Short web captions
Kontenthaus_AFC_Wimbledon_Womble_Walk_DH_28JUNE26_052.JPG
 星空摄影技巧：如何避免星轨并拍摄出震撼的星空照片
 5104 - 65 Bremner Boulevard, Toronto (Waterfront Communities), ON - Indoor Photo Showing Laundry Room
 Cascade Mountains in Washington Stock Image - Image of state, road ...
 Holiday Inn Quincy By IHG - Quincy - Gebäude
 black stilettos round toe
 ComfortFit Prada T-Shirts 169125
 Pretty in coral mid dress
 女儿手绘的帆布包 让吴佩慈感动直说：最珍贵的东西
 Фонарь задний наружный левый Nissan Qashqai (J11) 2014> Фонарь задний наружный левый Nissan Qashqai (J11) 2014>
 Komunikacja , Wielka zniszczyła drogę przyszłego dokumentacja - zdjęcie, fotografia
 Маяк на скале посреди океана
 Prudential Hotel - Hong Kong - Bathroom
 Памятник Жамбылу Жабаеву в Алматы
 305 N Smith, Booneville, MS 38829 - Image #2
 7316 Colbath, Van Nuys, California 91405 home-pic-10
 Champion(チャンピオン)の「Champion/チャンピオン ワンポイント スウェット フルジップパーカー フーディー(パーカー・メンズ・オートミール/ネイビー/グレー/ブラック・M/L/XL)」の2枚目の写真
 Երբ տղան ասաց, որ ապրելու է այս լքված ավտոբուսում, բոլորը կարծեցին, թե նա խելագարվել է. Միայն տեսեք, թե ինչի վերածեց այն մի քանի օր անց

## Work request
Output the entries exactly.

## Result of the task
Kontenthaus_AFC_Wimbledon_Womble_Walk_DH_28JUNE26_052.JPG
 星空摄影技巧：如何避免星轨并拍摄出震撼的星空照片
 5104 - 65 Bremner Boulevard, Toronto (Waterfront Communities), ON - Indoor Photo Showing Laundry Room
 Cascade Mountains in Washington Stock Image - Image of state, road ...
 Holiday Inn Quincy By IHG - Quincy - Gebäude
 black stilettos round toe
 ComfortFit Prada T-Shirts 169125
 Pretty in coral mid dress
 女儿手绘的帆布包 让吴佩慈感动直说：最珍贵的东西
 Фонарь задний наружный левый Nissan Qashqai (J11) 2014> Фонарь задний наружный левый Nissan Qashqai (J11) 2014>
 Komunikacja , Wielka zniszczyła drogę przyszłego dokumentacja - zdjęcie, fotografia
 Маяк на скале посреди океана
 Prudential Hotel - Hong Kong - Bathroom
 Памятник Жамбылу Жабаеву в Алматы
 305 N Smith, Booneville, MS 38829 - Image #2
 7316 Colbath, Van Nuys, California 91405 home-pic-10
 Champion(チャンピオン)の「Champion/チャンピオン ワンポイント スウェット フルジップパーカー フーディー(パーカー・メンズ・オートミール/ネイビー/グレー/ブラック・M/L/XL)」の2枚目の写真
 Երբ տղան ասաց, որ ապրելու է այս լքված ավտոբուսում, բոլորը կարծեցին, թե նա խելագարվել է. Միայն տեսեք, թե ինչի վերածեց այն մի քանի օր անց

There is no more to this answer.